**ASSIGNMENT:**
Transcribe nothing except the lines below that run from the one with "Newborn Photographer Lynden, WA" to the one with "Young Orthopedic Surgeon", ends included, and do not copy any picture.

**SUPPLIED INFORMATION:**

-- -- --

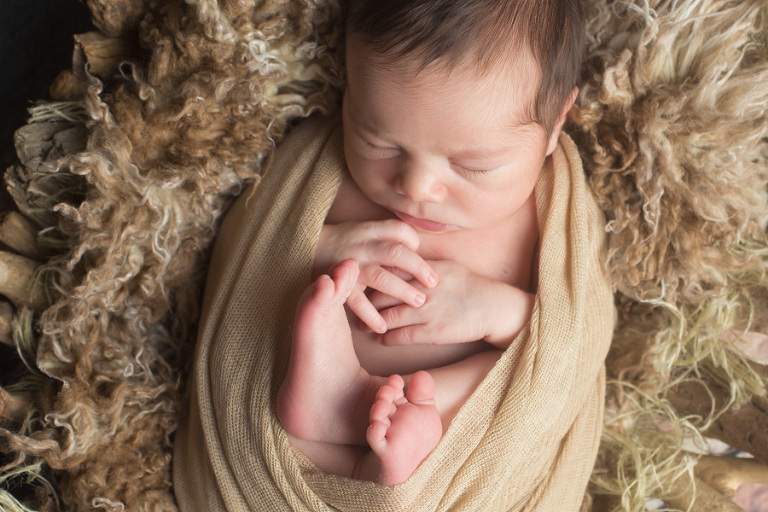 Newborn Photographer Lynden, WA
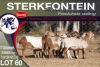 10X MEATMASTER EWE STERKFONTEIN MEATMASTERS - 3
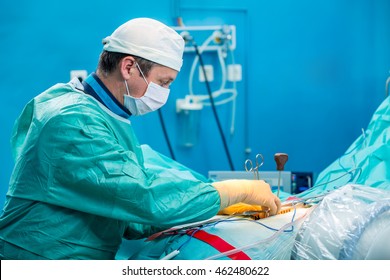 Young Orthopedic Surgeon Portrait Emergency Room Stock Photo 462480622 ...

-- -- --

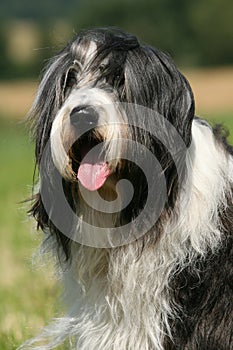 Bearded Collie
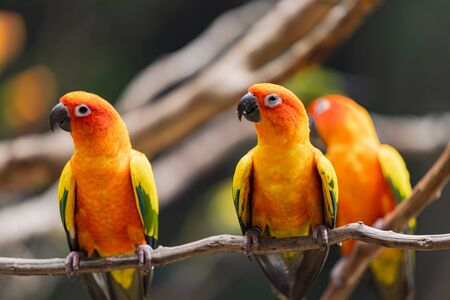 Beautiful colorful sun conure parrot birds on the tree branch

-- -- --

**TASK OUTPUT:**
 Newborn Photographer Lynden, WA
 10X MEATMASTER EWE STERKFONTEIN MEATMASTERS - 3
 Young Orthopedic Surgeon Portrait Emergency Room Stock Photo 462480622 ...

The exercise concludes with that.